Work-life blend: finding the balance
The way employees look at their work-life balance is changing. Many admit to dealing with work-related issues in their private time, but they do not seem to mind. In order for employees to make the most of both holidays and work days, employers have to strike the right balance. SD Worx surveyed 5,000 employees across Europe to gauge overall sentiment.
Working during holidays? Yes, but…
The numbers show general satisfaction with work-life balance due to the freedom of choice that has become part of it. We do not mind reading emails during the weekend or holidays if this means we get to pick those holidays freely.
A large majority of employers proved to be very lenient in this regard. Assessing the level of flexibility on issues such as working hours, work location and leave periods, the survey illustrated the greatest freedom in determining the latter. Choosing our own working location proved to be the most difficult, which is understandable as this is more closely related to the type of work performed.

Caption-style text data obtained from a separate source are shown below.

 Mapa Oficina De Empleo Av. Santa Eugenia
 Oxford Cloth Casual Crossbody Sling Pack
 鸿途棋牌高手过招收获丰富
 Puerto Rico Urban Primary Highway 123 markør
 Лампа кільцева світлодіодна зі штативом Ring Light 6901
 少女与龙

Employers’ flexibility in terms of …
A win-win scenario
It should come as no surprise that employer flexibility determines employee satisfaction levels for work-life balance. What is more, satisfaction and engagement rates are booming amongst employees who are satisfied with their work-life balance, and they are also less inclined to change jobs. Thus, both employers and employees seem to profit from the beneficial effects of this sense of balance between work and private time.

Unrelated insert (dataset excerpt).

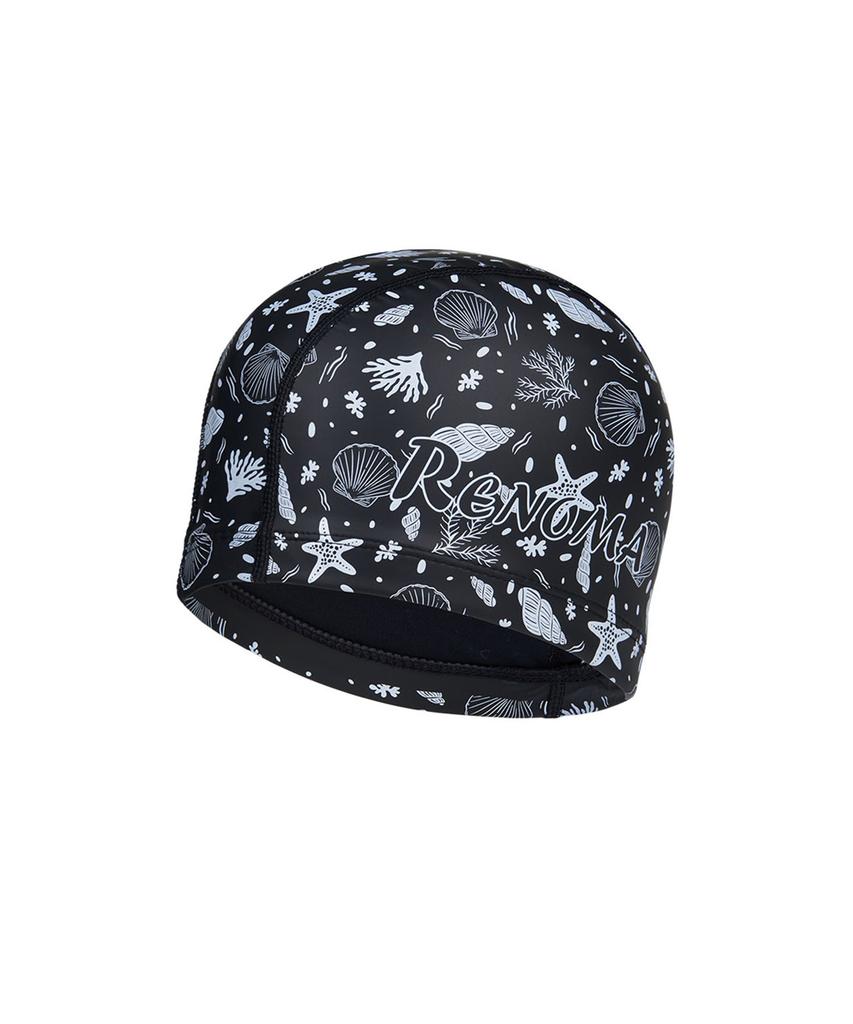 Lenomasuyeongbog Accessories Adult Beach Symbol Pu Swim Cap Black Ro-Rc2E012-Bk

The impact a good work-life balance has on employees
“We are still seeing work environments in which a great deal of change is needed to be able to provide that flexibility.”
– Hilde Haems, Chief HR Officer at SD Worx
Hilde Haems, Chief HR Officer at SD Worx Group, welcomes this recent work-life blend but emphasises that it should remain a personal choice: “The figures show that most employees do not have a problem with doing some work during their leisure time. Of course, the aim is not to get the pendulum to swing in the other direction either. A good balance is key.”
However, it is important for employers to be responsive to the needs of their employees. “We are still seeing work environments in which a great deal of change is needed to be able to provide that flexibility, whilst in others, too much flexibility has become a reason for concern”, says Hilde Haems. It is within this context that demands for the right to disconnect, no-email Friday or 30-hour weeks are becoming more and more visible.
About the survey
The Europe LTD survey polls participants on 100 work-related aspects relevant to employee satisfaction, motivation, involvement and engagement. SD Worx surveyed 5,000 employees across Belgium, Germany, France, the Netherlands, Austria and the United Kingdom. The sample is representative of specific local labour markets, with the same composition regarding statute, gender, region, work regime, language, education level and organisation size as that of the active labour population in the countries concerned.